Sunday, November 8, 2015

Week of 11/3 - Mother and Son

1) I loved the mildly-surreal formal innovations in Mother and Son. I noticed the painting on the glass immediately and found myself looking for its effect in every shot. The warping effect I liked less, in that I felt that the blurry vignette effect was much more tonally effective--almost felt like watching the film with your eyes welled up with tears--than the structural distortion, which for me didn't add much to the piece. The sound was also great; I remember while watching the scene near the end where the son is alone in the forest and thinking about how clear every step he took was, but there was no noise besides that, and thought that moment in many ways articulated the experience as it was taking place inside his head.

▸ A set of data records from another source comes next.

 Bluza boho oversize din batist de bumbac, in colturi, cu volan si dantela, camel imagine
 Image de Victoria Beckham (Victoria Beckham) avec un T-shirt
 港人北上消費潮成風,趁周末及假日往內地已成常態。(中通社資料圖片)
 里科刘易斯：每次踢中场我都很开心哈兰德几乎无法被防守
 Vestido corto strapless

2) I had to pee really badly when I was watching this film, so focusing on the ways that it formally experimented kept me excited. One shouldn't have to feel the need to be excited or entertained while watching a film like this, but it kept me a little bit more still in my seat when I was really squirming. That being said, I didn't want to just get up and go: for one, I had completely lost perception of time while watching this film, and I didn't know if time was moving really quickly or really slowly but every time I thought about getting up and going I thought that perhaps it was almost the end and that I would miss it. Again, not that the entertainment or the plot structure was vitally important, but I ultimately wanted the full experience and opted to be uncomfortable and a little distracted rather than missing part of the "journey" the film takes you on.
3) I'm not totally sure, after reading Schrader's piece, that I could identify if a film was or was not connected with the transcendental; though I appreciate his philosophy on the essence that filmmaking can articulate in a very special way. When he discusses style, I feel that Mother and Son gives a very heartfelt and genuine illustration of the things that he said these films contemplate, such as the mystery of existence and questioning "conventional interpretations of reality." There was a lot of mystery in this film, but not in the way we usually think of mystery as something ominous or to be solved. Rather, it waded in this mystery of intense spiritual connection with another person, and how that can be "isolating" in a way that is difficult to think analytically about, difficult to reduce down to words like "good" or "bad." Navigating into these connections is kind of magical; the world can truly melt away into one landscape, one color palette, one dialect, etc. when you invest your self toward the wellbeing of someone else.